PAULO CÂMARA (*)
O governo federal prepara uma ampla reestruturação do setor elétrico. Mudanças vão da suspensão do regime de cotas de energia, implementado na administração anterior, à reformulação de todo o marco legal do setor, por projeto em vias de ser enviado ao Congresso. Passa também pela privatização da Eletrobras, anunciada em agosto em meio a queixas sobre a realidade da empresa, que seria um cabide de empregos sem utilidade.
Privatizações já não causam polêmica. Todas as forças políticas atuantes no país já promoveram desestatizações. No caso da Eletrobras, porém, é preciso examinar as motivações e contexto. E é preciso abrir o debate e dar visibilidade às implicações, que não são pequenas nem simples.

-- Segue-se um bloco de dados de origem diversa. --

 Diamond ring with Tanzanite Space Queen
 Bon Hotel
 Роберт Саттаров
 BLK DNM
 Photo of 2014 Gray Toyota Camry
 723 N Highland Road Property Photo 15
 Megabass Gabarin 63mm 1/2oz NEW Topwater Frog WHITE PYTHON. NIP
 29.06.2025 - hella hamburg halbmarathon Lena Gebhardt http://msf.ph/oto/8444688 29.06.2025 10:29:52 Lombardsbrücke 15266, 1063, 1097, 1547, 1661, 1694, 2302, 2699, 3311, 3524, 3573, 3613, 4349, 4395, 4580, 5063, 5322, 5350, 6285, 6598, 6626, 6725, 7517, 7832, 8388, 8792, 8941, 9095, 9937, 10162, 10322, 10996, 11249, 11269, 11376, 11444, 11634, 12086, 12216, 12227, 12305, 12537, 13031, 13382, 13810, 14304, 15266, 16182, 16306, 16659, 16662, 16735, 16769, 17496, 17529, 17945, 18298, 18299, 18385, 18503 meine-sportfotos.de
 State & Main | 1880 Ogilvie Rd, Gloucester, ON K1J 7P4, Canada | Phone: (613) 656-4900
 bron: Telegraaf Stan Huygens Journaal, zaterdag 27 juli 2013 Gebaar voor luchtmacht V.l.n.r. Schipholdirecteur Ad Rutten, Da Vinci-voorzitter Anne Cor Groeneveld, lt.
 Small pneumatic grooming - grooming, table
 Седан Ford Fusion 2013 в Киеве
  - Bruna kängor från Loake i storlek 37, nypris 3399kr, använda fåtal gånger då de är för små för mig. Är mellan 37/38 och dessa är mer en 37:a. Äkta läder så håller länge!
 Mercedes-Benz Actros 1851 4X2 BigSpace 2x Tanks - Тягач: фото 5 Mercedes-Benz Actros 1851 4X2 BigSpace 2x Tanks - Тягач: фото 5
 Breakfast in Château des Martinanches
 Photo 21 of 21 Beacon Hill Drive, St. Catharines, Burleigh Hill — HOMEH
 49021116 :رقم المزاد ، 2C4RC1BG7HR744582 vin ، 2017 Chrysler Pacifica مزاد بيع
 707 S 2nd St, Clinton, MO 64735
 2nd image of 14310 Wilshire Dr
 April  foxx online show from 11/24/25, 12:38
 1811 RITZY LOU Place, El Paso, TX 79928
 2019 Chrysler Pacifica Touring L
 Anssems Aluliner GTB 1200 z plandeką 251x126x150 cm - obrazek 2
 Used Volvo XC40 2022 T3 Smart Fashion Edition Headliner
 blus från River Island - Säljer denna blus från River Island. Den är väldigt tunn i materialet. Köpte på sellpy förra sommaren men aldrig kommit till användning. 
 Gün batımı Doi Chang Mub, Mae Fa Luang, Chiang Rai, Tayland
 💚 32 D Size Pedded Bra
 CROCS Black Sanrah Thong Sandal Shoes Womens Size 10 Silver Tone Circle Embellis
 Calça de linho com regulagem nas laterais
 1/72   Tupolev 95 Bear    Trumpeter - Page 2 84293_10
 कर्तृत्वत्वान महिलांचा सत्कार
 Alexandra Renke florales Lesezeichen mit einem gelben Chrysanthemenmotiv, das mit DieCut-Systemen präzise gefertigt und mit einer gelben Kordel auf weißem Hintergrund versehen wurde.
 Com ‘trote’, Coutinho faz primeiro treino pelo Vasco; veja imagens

Foi por pensar assim que os governadores do Nordeste enviaram carta ao presidente Michel Temer (PMDB), no último dia 5. No documento, reconhecemos a gravidade do quadro fiscal e defendemos a busca de soluções. Alertamos, porém, que um setor com tamanho impacto sobre a economia não deve, em hipótese alguma, cobrir deficits no caixa do governo.
Pela política de cotas, cerca de 20% da energia hoje alocada no mercado regulado é vendida por valores entre R$ 40 e R$ 80/MWH. Após uma eventual privatização e a suspensão das cotas de energia, as operadoras que substituírem as empresas do grupo Eletrobras ofertarão a mesma energia a preço de mercado, hoje perto de R$ 200/MWH. Sem contar a insegurança jurídica, com quebra dos contratos em vigor.
Assim, embora o governo negue, a mera suspensão da política de cotas terá como consequência imediata um reajuste na conta de luz que pode variar de 7% a 17%, segundo a Aneel (Agência Nacional de Energia Elétrica).
E a energia elétrica, é bom frisar, tem peso praticamente igual a transporte/combustível na composição do Índice Nacional de Preços ao Consumidor Amplo (IPCA). Ou seja, o aumento da tarifa onera todas as cadeias produtivas e chega a ser cruel com os mais pobres.
Quanto à privatização da Eletrobras, mais importante do que os R$ 30 bilhões que se espera arrecadar é o que ocorrerá depois, inevitavelmente. Hidrelétricas são máquinas e água represada. Portanto, quem comprar a Chesf (Companhia Hidrelétrica do São Francisco) estará adquirindo, como contrapeso, o próprio São Francisco, o rio da integração nacional.
Contra isso já se insurgira o ex-governador Miguel Arraes (PE) por meio de carta ao presidente Fernando Henrique Cardoso (1995) e em artigo publicado nesta Folha (1999).
E contra isso nos posicionamos, mostrando que, consumada a privatização, outros usos da água do Velho Chico – como a irrigação e o abastecimento das cidades da região – estarão limitados por pelo menos 30 anos, mesmo que outras fontes energéticas, como eólica e solar, ganhem peso e permitam a liberação da vazão atualmente comprometida com a geração hidrelétrica.
Para não só criticar, mas também propor soluções, sugerimos a exclusão da Chesf do grupo Eletrobras, transformando-a numa empresa pública, vinculada ao Ministério da Integração Nacional, encarregada de coordenar uma política de desenvolvimento regional.
Sua atuação seria financiada com a manutenção da política de cotas e o ajustamento da tarifa em, no máximo, 1,5% -percentual que, segundo especialistas do setor, garantiria a conclusão do plano de obras já contratado com a Aneel os investimentos em fontes alternativas, além do plano de revitalização dos rios energéticos, elaborado pela ANA (Agência Nacional de Águas).
Mas, o mais importante: pedimos diálogo e transparência. É o mínimo antes que medidas tão extremas sejam implementadas.
(*) Governador de Pernambuco. O artigo foi originalmente publicado no jornal “Folha de S. Paulo”.